听见他的话,陆路一怔,最终只是保持沉默。既然一切都是因她而起,就让她悄无声息地解决掉吧。
思及此,陆路慢慢垂下头:“併购的事,我会想办法的,不管它有没有换名字,在我心目中,它永远是爸爸的王国,我不会让它从这个世界上消失的……”
回到別墅的时候,蒋阿姨不在,只有沈世尧半靠在沙发上闭目养神,似乎在等她。
大厅里没开灯,只有院子里的地灯透过玻璃落地窗照进来,惨惨澹淡的,令人心里发憷。
陆路满脑子全是併购的事,思绪乱糟糟的,压根不想搭理沈世尧,逕自上楼,没想到沈世尧却叫住了她:“和老情人吃饭,胃口好吗?”
陆路一惊,猛地回头,发现黑暗中沈世尧正一动不动地盯著自己。而不远处的餐桌上,下午蒋阿姨做的那一大桌子菜竟然动都没动过。
“你还没吃饭?”她怔怔地问,话一出口,又觉得自己多管閒事。
见沈世尧没反应,她索性跳过这个话题:“没別的事的话,我先上楼了。”
“我在问你,和老情人吃饭,胃口好吗?”
“沈世尧,你別逼人太甚!”强压制住的怒火终於爆发,陆路扭头衝到他面前,“你非要我说一句你是跟踪狂死变態才开心?”
“那也不比你开心,”沈世尧微微挑眉,笑对她,“说吧,和老情人想出对策了吗?”
“沈世尧!”陆路气得想扑上去掐死他,却不想还没出手,整个人已被沈世尧拽入怀中,进而狠狠压在身下。
那样紧贴的姿势令她觉得分外不堪,她拼命挣扎,却无论如何都挣不开。最后她终於累了,將脸別开不看她,有两行泪顺著脸颊缓缓地滑下来。
沈世尧有一瞬的怔忡,旋即是更大的愤怒与嫉妒。他腾出一只手,替她擦掉眼角的泪,动作是极致的温柔,语气却十足冰冷:“你就这么爱他么,爱到想方设法也要为他守住那家公司?”

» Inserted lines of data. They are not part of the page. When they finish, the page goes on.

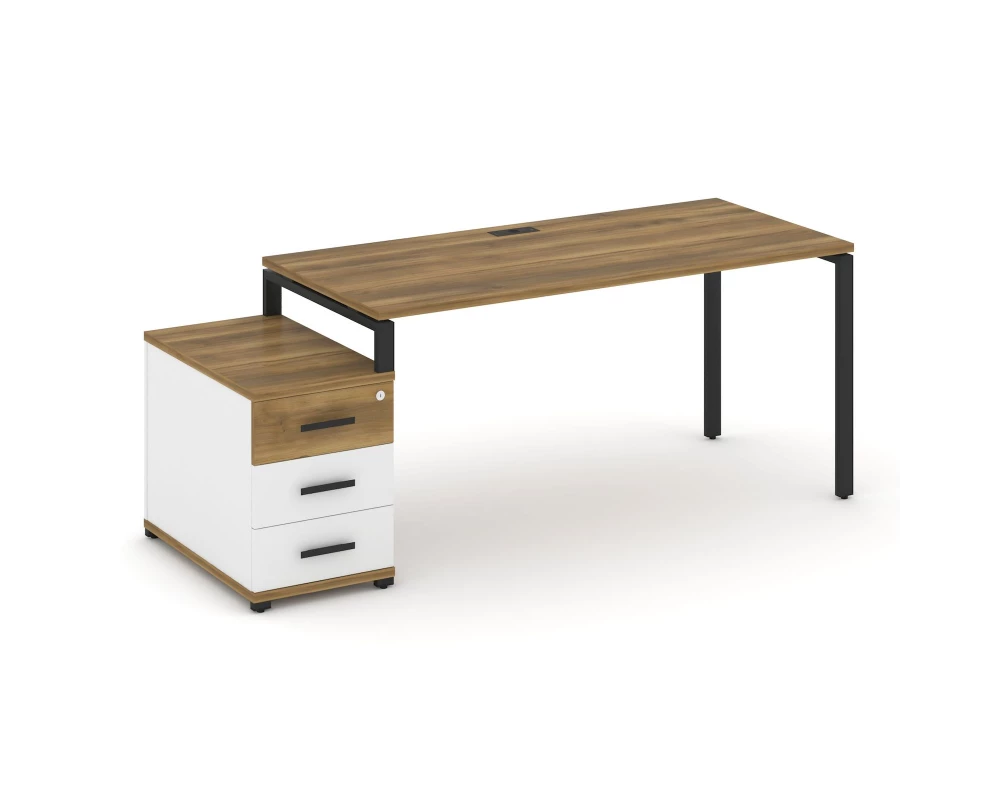 Стол письменный с 1 опорной тумбой CN.SP-304 W 1580/1946x720x750 Concept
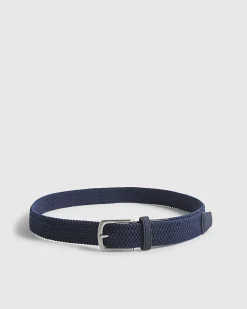 Navy Woven Belt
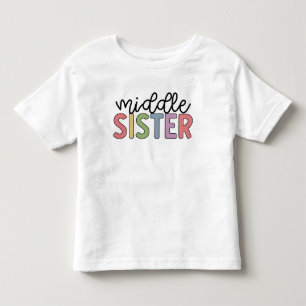 T-shirt Pour Les Tous Petits Soeur du milieu mignonne, frères et soeurs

“我没有……”陆路除了觉得羞愤,亦觉得疲惫,她要如何解释他才会懂,那对她来说不是陆亦航和宋清远的公司,而是爸爸一辈子的心血。
大概他永远都不会懂吧,从他罔顾自己意愿,將她强行丟在那张床上的那刻起,他便不再可能懂得。
意识到这点,陆路反倒鬆了口气,看著他的眼睛:“沈世尧,告诉我,如果这桩併购案成功,你打算拿远航怎么样?”
“既然你那么喜欢那里,当然是先把它拆掉,换新的地方……”
猜测得到证实,陆路也不再觉得生气:“那好,如果我说,希望你放弃併购呢?”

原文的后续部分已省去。